Secure access to Office365 from an on-premise environment

Copper Contributor

thoughts on this one greatly appreciated.

 

The challenge comes from information as provided by articles such as this one https://techcommunity.microsoft.com/t5/Office-365-Blog/Getting-the-best-connectivity-and-performance...

The step - Assess bypassing proxies, traffic inspection devices and duplicate security which is available in Office 365 is the concerning one.

 

So if we take a step back and analyse how this is reviewed by security architects.

The recommendation is that we bypass proxies and traffic inspection devices creates challenges around tenancy restriction

  • This requires that we only allow from within the organisation access to their specific tenancy. The Microsoft way of handling this is to route the login page through a proxy which can perform the tenancy restriction and then the rest of the traffic can bypass the proxy (the pages that need to go direct however needs to be defined in a proxy PAC file which is considered by a lot of large orgs as onerous to manage).
  • For the direct access piece , Microsoft supply a list of IP addresses that basically includes half of Azure that organisations are advised to allow all internal IPs access on a specified list of ports. Should an individual be able to bypass the proxy (hardly rocket science) they can then just go direct to whatever tenancy they want. This is a huge risk as many of these organisations have 3rd parties working on site that can now (should SSL inspection not be enabled) upload documents etc. out of the organisation bypassing all traffic inspection devices. 

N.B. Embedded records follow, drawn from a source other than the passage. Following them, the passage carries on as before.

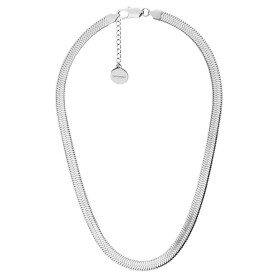 Ocelový náhrdelník Monica 6.5 mm plochý had, chirurgická ocel, Stříbrná 43 cm + 5 cm (prodloužení)
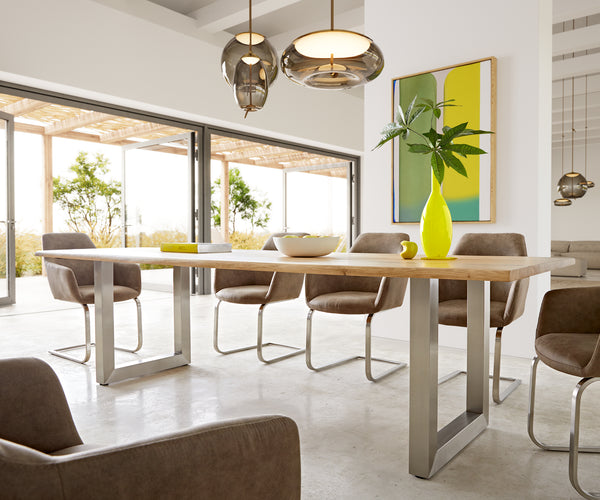 Dining Table Olympus Live Edge 260cm Oak Wood Natural Square Frame Steel 32mm Top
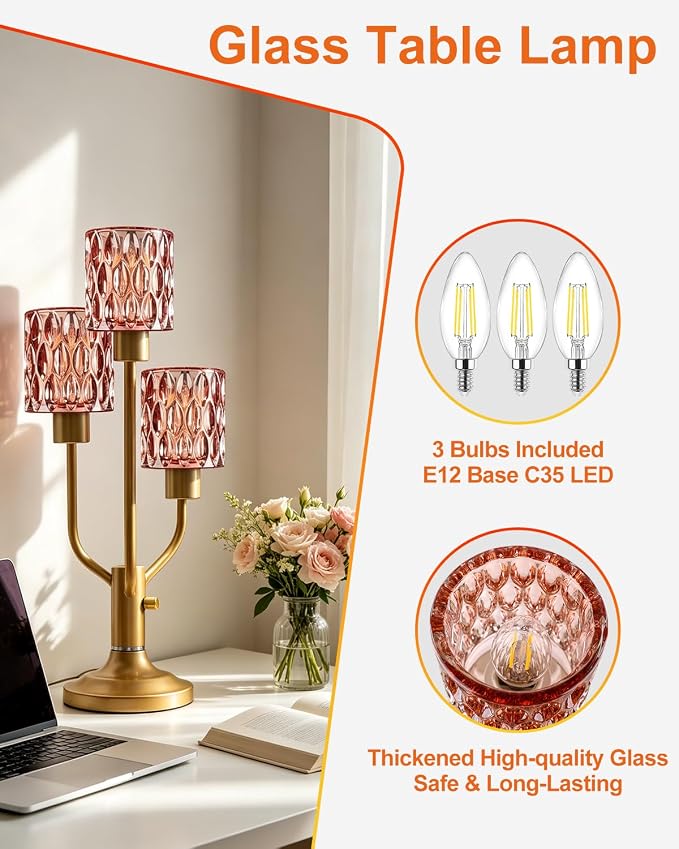 Lightdot Mid Century Modern Table Lamp Dimmable Nightstand Lamp Red Glass Vintage Gold Desk Lamp 3 Bulbs Included Warmwhite Ambient Bedside Lamps for Living Room Bedroom Girls Room Home Office Decor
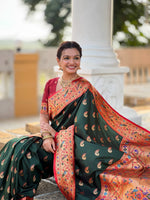 Thumbnail for Vedant Vastram Soft Litchi Silk Paithani Jacquard Saree - Green - Dista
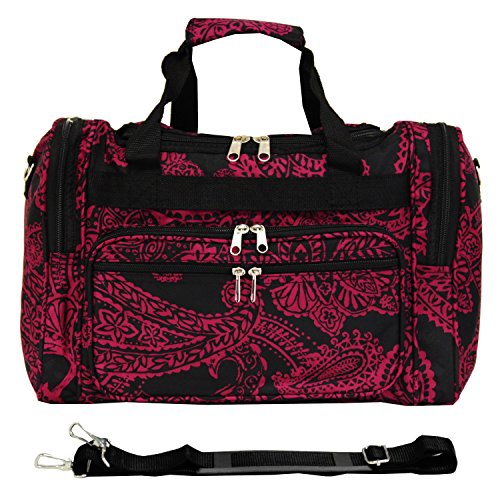 Image of World Traveler 81T16-641 Duffle Bag, One Size, Black Pink Paisley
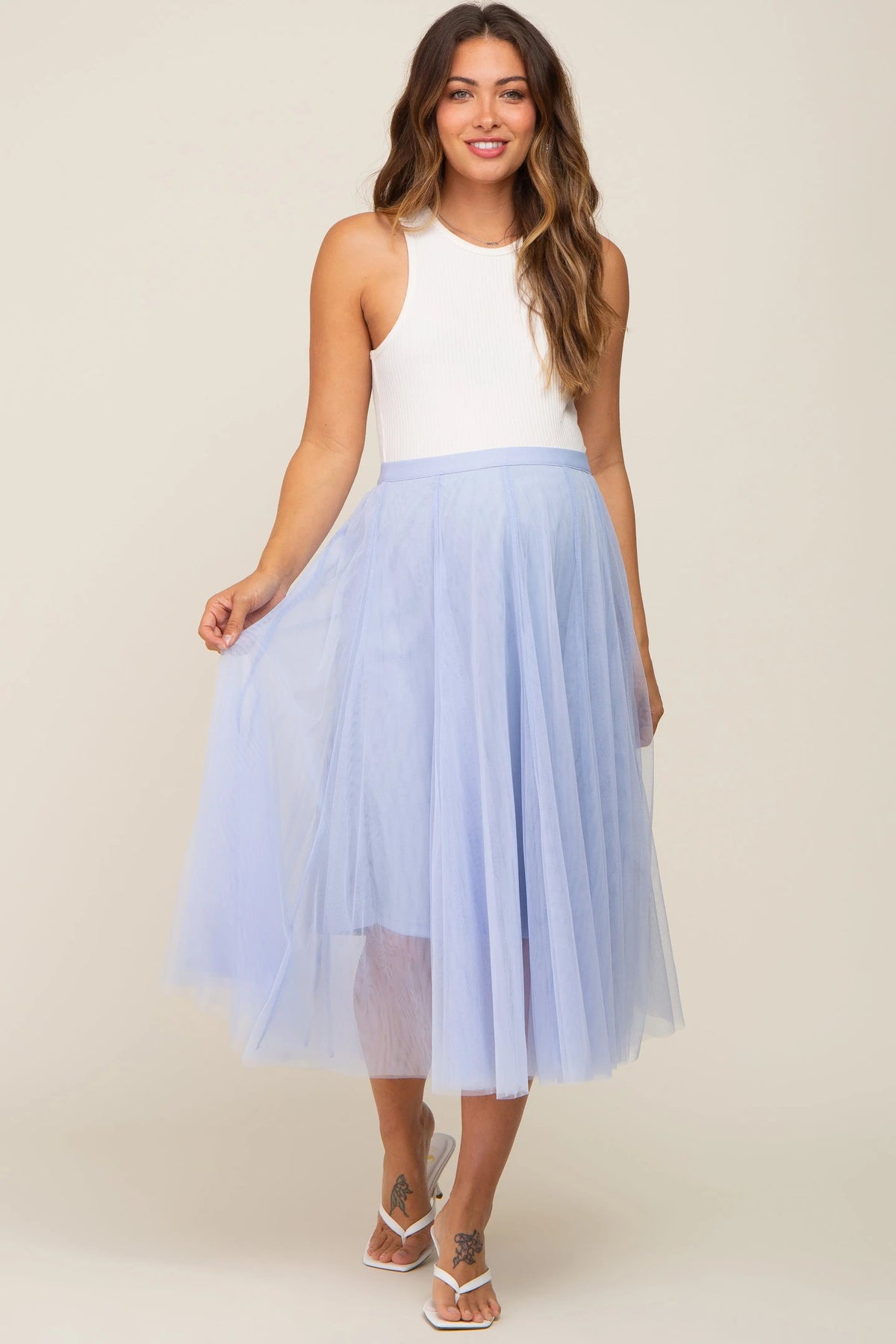 PinkBlush Light Blue Tulle Maternity Midi Skirt -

The crux of the matter is that going direct and not performing ANY inspection on traffic allowed go direct creates a massive hole and avenue for data leakage for any organisation.

 

An NGFW is typically an inline device that can operate as firewall, IPS, application control, url filtering etc. It can perform the SSL inspection inline in a way that cannot be bypassed. They can also have an integration with the Microsoft web service that provides all of the IP address updates automatically so that the gateways do not need to be manually updated whenever Microsoft changes/updated the IP addresses.

 

However, performing this inspection goes against what Microsoft recommends which means a possible large security hole will be created.

 

What is the right thing to do?

1 Reply

Recommendations are just that, they are not mandatory, neither they are designed to apply to 100% of the customers out there. Follow them as closely as possible but don't let them be a restriction and make the best decision for your specific requirements.